In State Farm Mutual Automobile Insurance Co. v. Huff, 2013 DJDAR 7379 (2013), the California Court of Appeal for the Fourth Appellate District decided a novel fee case in the medical context, referencing standards used to recover attorney fees under California law.
An individual suffered injuries in an automobile accident. The injured party was treated at the hospital. At the time of his discharge, the patient owed the hospital significant sums for medical services. The hospital was never paid. Later, in a personal injury lawsuit arising from the same automobile accident, a jury awarded the injured person $356,588 against the parties who allegedly caused the accident. The hospital informed the responsible parties’ insurer, State Farm Mutual Automobile Insurance Co. (“State Farm”), that it was claiming a $34,321 lien on the judgment.
The plaintiff demanded that the insurer ignore the lien and pay the entire judgment amount to him without offset. State Farm filed an interpleader action requesting the trial court for instructions on how to allocate the money. The trial court awarded the hospital $34,320.

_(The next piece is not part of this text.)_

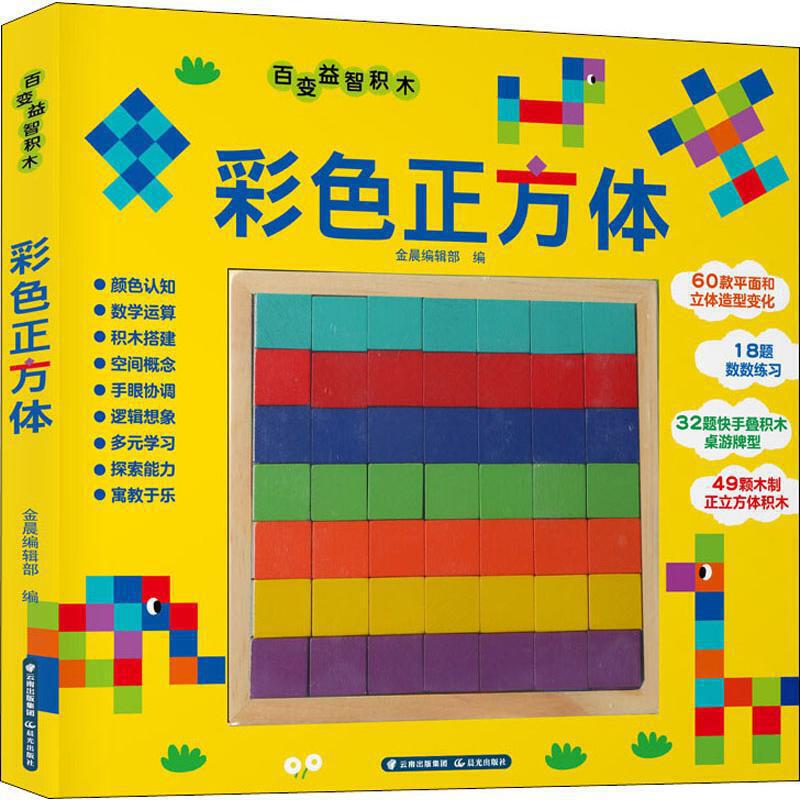 百变益智积木彩色正方体【正版精选】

The court of appeal reversed the decision of the lower court. The court of appeal noted that when a hospital provides medical services to a person injured by a third party’s negligence, that hospital is entitled to a lien on damages recovered by the person “to the extent of the amount of the reasonable and necessary charges of the hospital.” Such a lien is authorized by Civil Code Sections 3045.1-3045.6, referenced as the Hospital Lien Act.
The court noted that the hospital, as the party asserting a right to the recovery, has the burden of proving the amount of its lien and that the charges were “reasonable and necessary.” The court of appeal found the trial court’s reasoning flawed and it reversed the decision on that basis.